- Task goal: Exactly the lines from the one with "Григорий Сысоев / РИА Новости" to the end of the entries should appear in your answer, retyped word for word.

- Data entries:
——————

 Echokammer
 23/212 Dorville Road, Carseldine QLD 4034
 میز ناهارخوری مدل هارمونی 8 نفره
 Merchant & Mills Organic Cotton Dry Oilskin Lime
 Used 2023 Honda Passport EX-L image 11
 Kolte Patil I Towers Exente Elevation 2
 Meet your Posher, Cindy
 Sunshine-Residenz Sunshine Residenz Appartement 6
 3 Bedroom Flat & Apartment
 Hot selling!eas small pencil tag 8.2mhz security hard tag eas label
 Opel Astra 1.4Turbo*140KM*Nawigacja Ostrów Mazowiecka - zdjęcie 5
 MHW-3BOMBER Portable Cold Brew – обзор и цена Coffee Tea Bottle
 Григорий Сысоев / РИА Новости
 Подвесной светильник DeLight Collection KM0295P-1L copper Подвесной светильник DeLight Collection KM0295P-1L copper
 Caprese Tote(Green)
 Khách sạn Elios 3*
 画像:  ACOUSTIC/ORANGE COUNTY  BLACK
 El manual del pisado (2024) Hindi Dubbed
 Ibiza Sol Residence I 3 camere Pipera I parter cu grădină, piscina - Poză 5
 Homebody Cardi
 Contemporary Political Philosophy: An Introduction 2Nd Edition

——————

- Reply:
 Григорий Сысоев / РИА Новости
 Подвесной светильник DeLight Collection KM0295P-1L copper Подвесной светильник DeLight Collection KM0295P-1L copper
 Caprese Tote(Green)
 Khách sạn Elios 3*
 画像:  ACOUSTIC/ORANGE COUNTY  BLACK
 El manual del pisado (2024) Hindi Dubbed
 Ibiza Sol Residence I 3 camere Pipera I parter cu grădină, piscina - Poză 5
 Homebody Cardi
 Contemporary Political Philosophy: An Introduction 2Nd Edition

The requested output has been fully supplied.